Thomas Fredrik Georg Funck (26 October 1919 - 30 December 2010) was a Swedish baron (freiherr), author of children's literature, a radio personality and a voice artist, most famous for his stories about Charlie Strap and Froggy Ball (Kalle Stropp och Grodan Boll). He is the brother of Hasse Funck. He was married to Eva Funck and they have a son Gustav.

==Early career==
Funck, who started out writing literature aimed for adults, has claimed to never have had any permanent employment. During the 1940s he primarily worked as a guitar teacher. He performed his original songs in Norwegian radio on guitar. During this time he began to have stories sold, in order to have them read and performed on Swedish radio as well.
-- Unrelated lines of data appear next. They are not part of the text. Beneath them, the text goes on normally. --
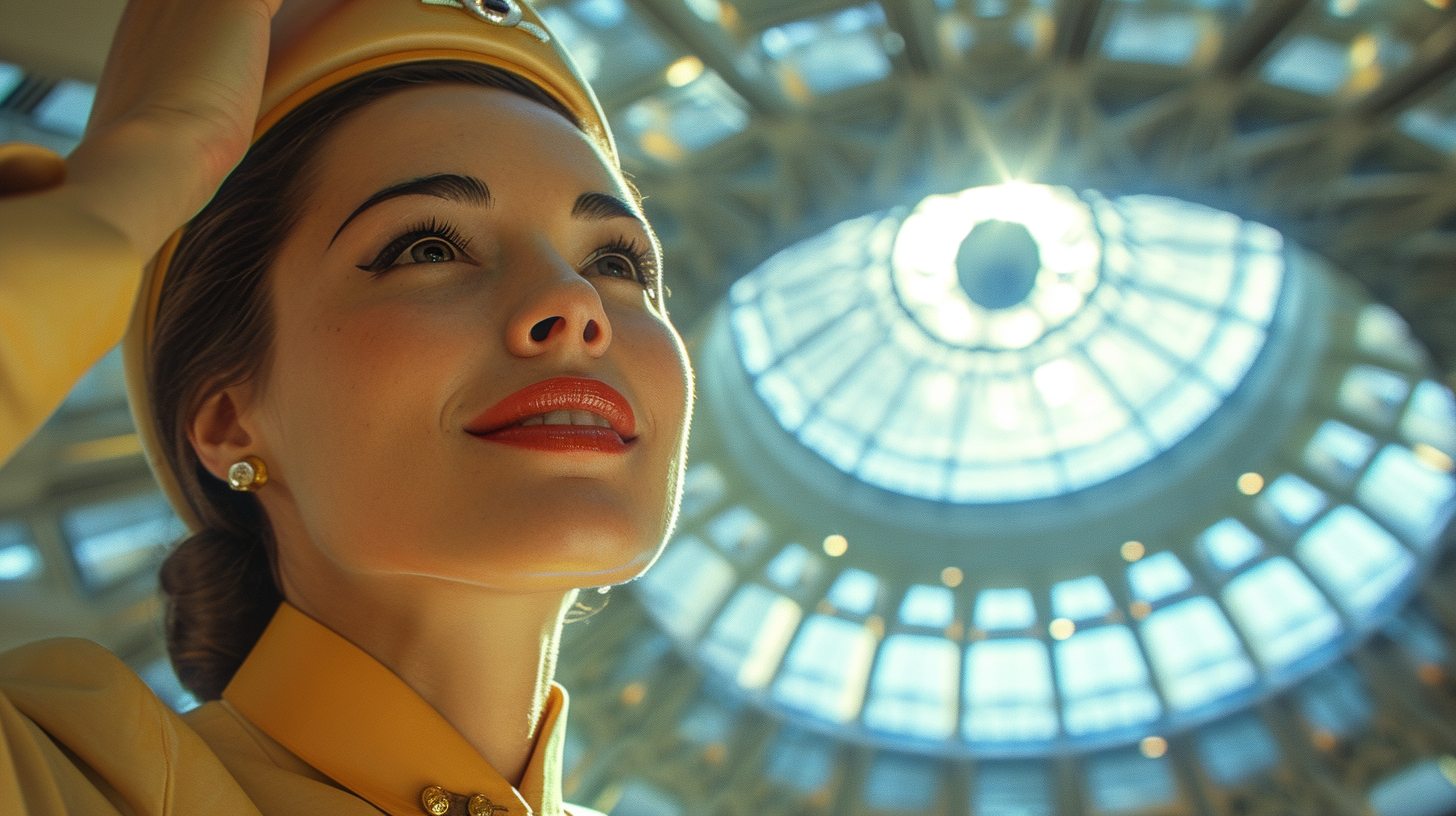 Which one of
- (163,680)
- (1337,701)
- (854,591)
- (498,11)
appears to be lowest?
(498,11)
==Charlie Strapp and Froggy Ball==
Charlie Strapp and Froggy Ball had appeared as parts of Swedish radio shows since the mid 40s, but portrayed by regular actors. In the early 50s Funck started to do the voice of Charlie Strapp. The big breakthrough came in 1954, when all voices for the first time were provided by Funck himself, only with help of a guitar for sound effects. The radio performances were followed by several records with the same concept, a cartoon drawn by Nils Egerbrandt and from 1955 a series of books with illustrations by Einar Norelius.

In 1956 a musical film also came out of it, Charlie Strap, Froggy Ball and Their Friends (Kalle Stropp, Grodan Boll och deras vänner), with actors in costumes miming while Funck provided the voices. Some parts were also animated with dolls.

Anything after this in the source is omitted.